A much faster and more effective solution that doesn't have you trading cloud problems with on-prem problems (the power outage still happens, except now it's your team that has to handle it) would be to update your services to run in multiple AZs and multiple regions.

Get out of AWS is you want, but don't get out of AWS because of outages. You should be able to mitigate this relatively easily.

f6v · 4 years ago

Self-managed infrastructure doesn’t fail now?

What an absolutely pointless comment.

Everything fails, we can argue the rate. But I would argue that understanding your constraints is better.

if you know that your secret storage system can't survive if a machine goes away: well, you wire redundant paths to the hardware and do memory mirroring and RAID the hell out of the disks. And if it fails you have a standby in place.

But if you use AWS Cognito.

And it goes down.

You're fucked mate.

iso1631 · 4 years ago

Not at this rate.

I remember we had a power outage in 2006, it actually took one of my services off air. Since then of course that has been rectified, and the loss of a building wouldn't impact on any of the critical, essential or important services I provide.

We’re going to be having this same tired, pedantic, round-about conversation when Tesla’s routinely decide to take out a family of four because it mistook a plastic bag for an off-ramp.

Commenters will show up like clockwork and say shit like:

“What man, it’s not like cars didn’t crash before? Haha”

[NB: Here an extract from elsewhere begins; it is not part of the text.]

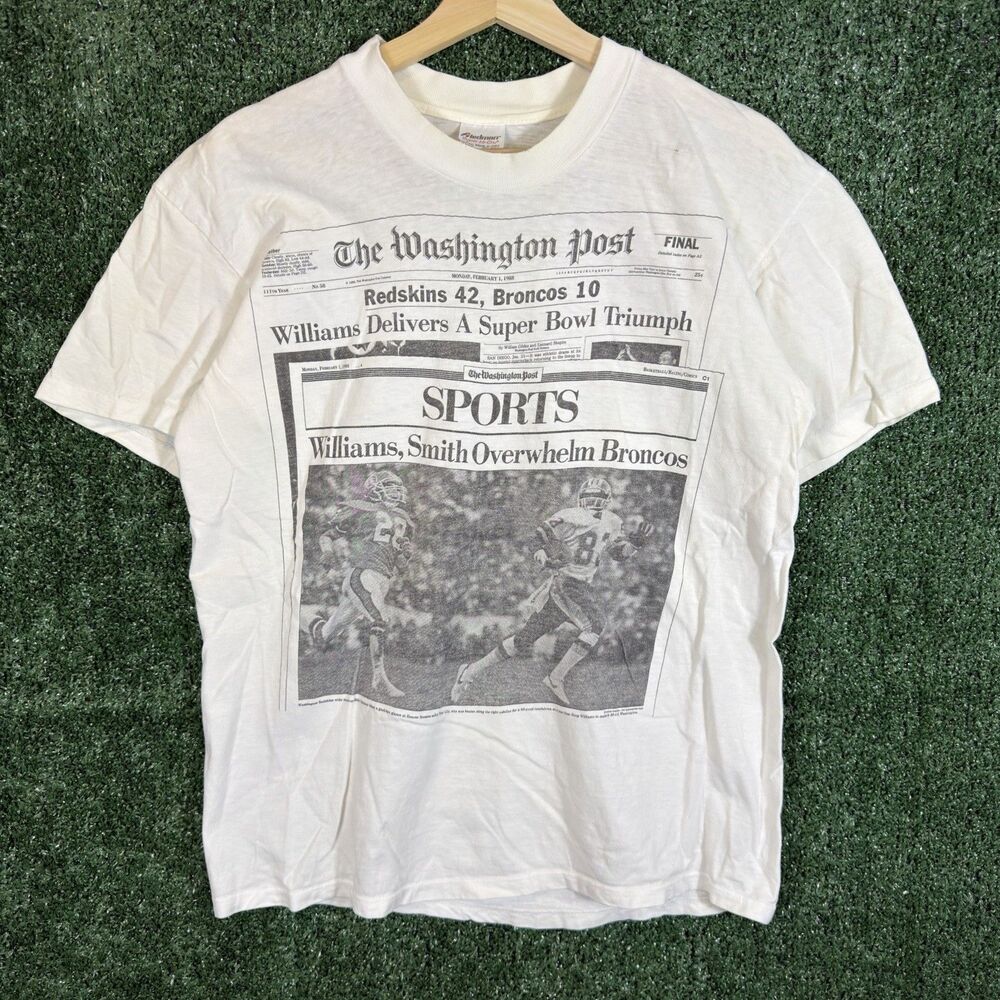 Vintage Stedman Washington Redskins Super Bowl Champs NewsPaper Shirt L 80s Rare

Don’t be dense dude. And definitely don’t pursue a leadership position anytime in the future.

“Hybrid and multi cloud” is the future. In other words, give us more fucking money.

paulryanrogers · 4 years ago

Spread the risk? Smaller on prem and cloud / rented bare metal?

Spivak · 4 years ago

Nah, it's actually better to concentrate the risk in this case.

If your app depends on a few 3rd party services -- SendGrid, Twilio, Okta and they're all hosted on different infra then congrats! You're gonna have issues when any one of them are down, yayyy.

Also the marketing benefit can't be downplayed. If your postmortem is "AWS was having issues" then your execs and customers just accept that as the cost of doing business because there's a built-in assumption that AWS, Azure, GCP are world class and any in-house team couldn't do it better.

ernsheong · 4 years ago

Google Cloud seems to be doing much better, at least recently. There's also Azure. AWS seems to have placed growth above everything else at customers' expense.

Victerius · 4 years ago

I'm tempted to found a startup to help businesses migrate from cloud providers to on-prem infrastructure.

datavirtue · 4 years ago

Slinging some of that sweet Tanzu or Ranger?